EXERCISE PROMPT:
Extract the stretch of lines that starts at the line with "Decorated Vase with" and ends at the last line of the data below. Give it exactly, without pictures.

DATA LISTING:
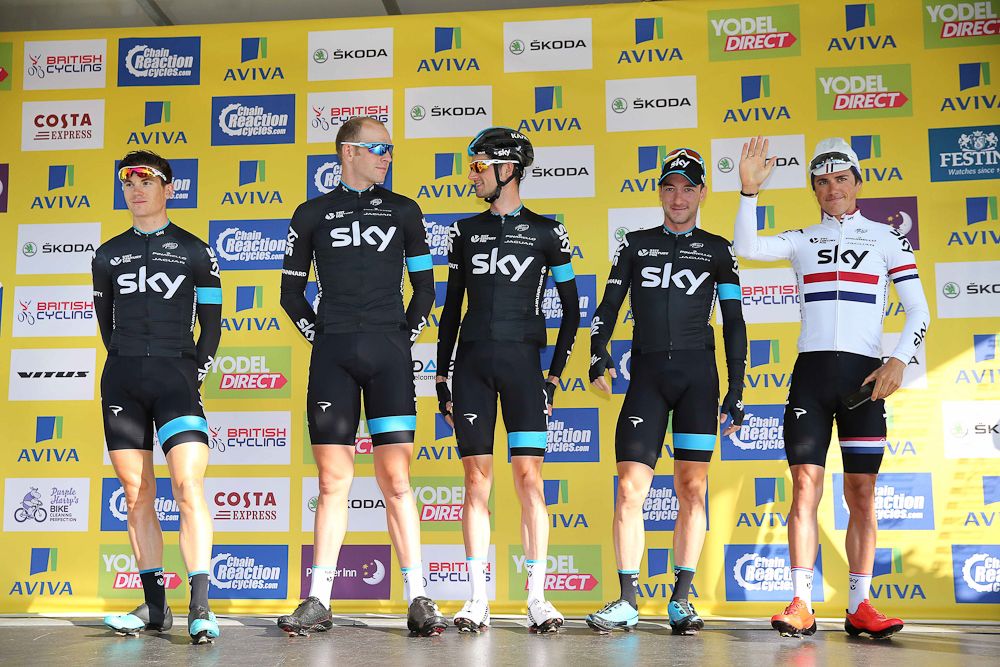 Team Sky get ready for the start of stage 3.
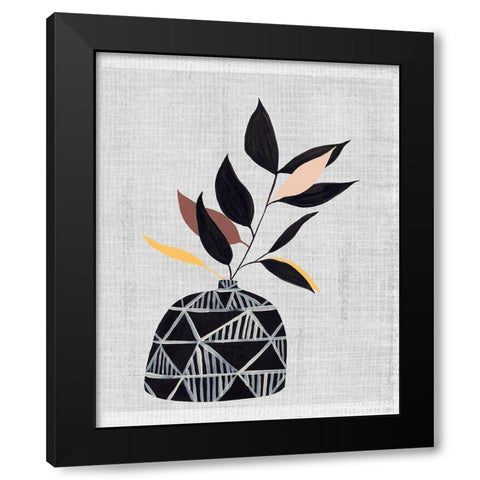 Decorated Vase with Plant IV Black Modern Wood Framed Art Print with Double Matting by Wang, Melissa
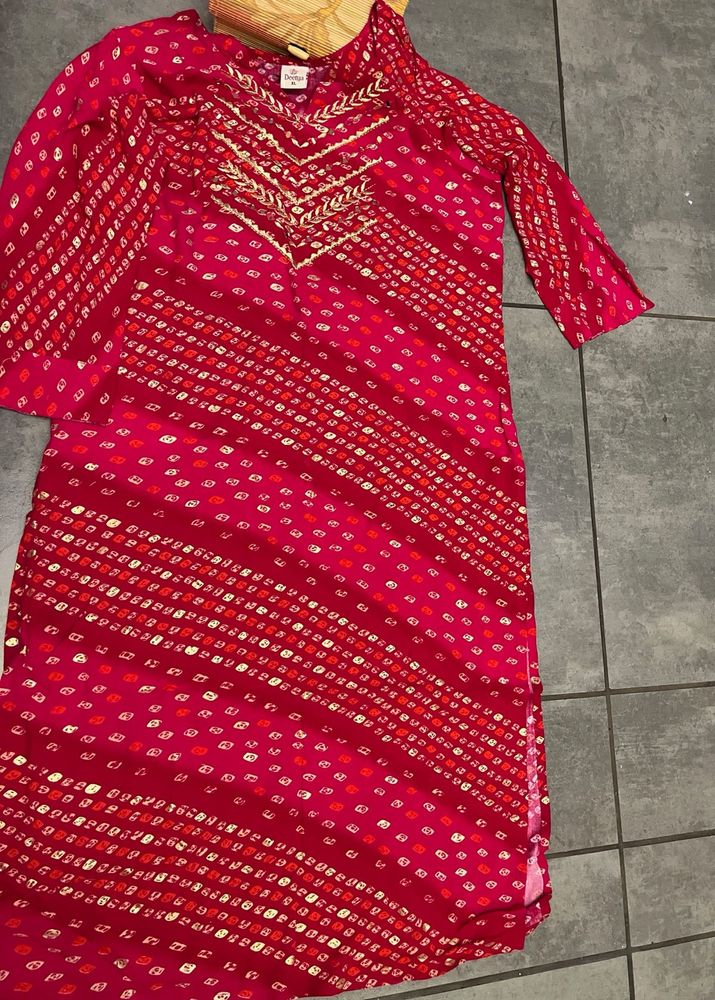 Pink (Rani) Bandhani embroidered Kurta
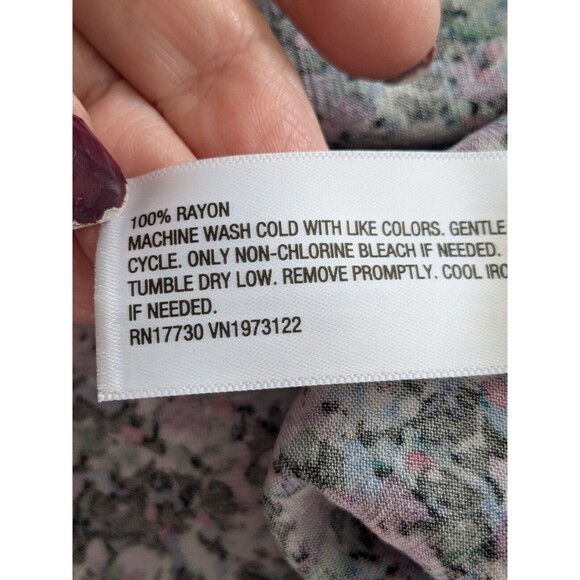 AVA VIV Tops Womens 1X Blouse Multi Floral Balloon Long Sleeve Boho Chic Cottage - Picture 11 of 13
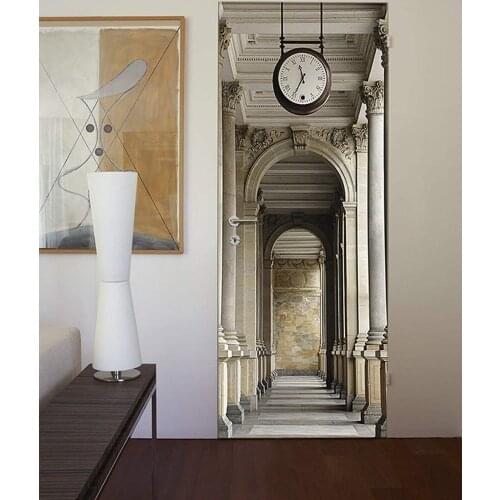 3D Customized Noble Hallway Door Mural Wallpaper mural Wall Print Decal Wall Mural Photo self adhesive door wrap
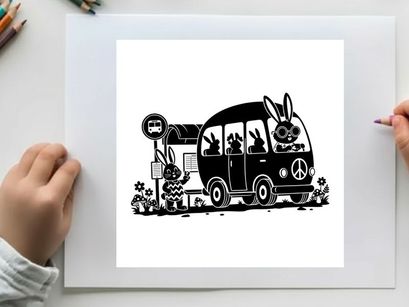 Peaceful silhouette of a bunny driving a psychedelic vw van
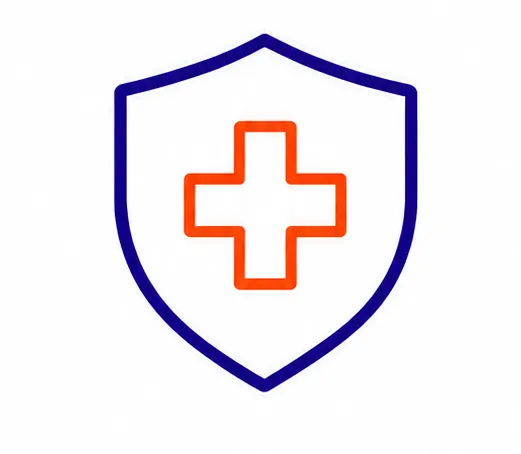 Line art icon of a shield containing a medical cross.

SOLUTION:
 Decorated Vase with Plant IV Black Modern Wood Framed Art Print with Double Matting by Wang, Melissa
 Pink (Rani) Bandhani embroidered Kurta
 AVA VIV Tops Womens 1X Blouse Multi Floral Balloon Long Sleeve Boho Chic Cottage - Picture 11 of 13
 3D Customized Noble Hallway Door Mural Wallpaper mural Wall Print Decal Wall Mural Photo self adhesive door wrap
 Peaceful silhouette of a bunny driving a psychedelic vw van
 Line art icon of a shield containing a medical cross.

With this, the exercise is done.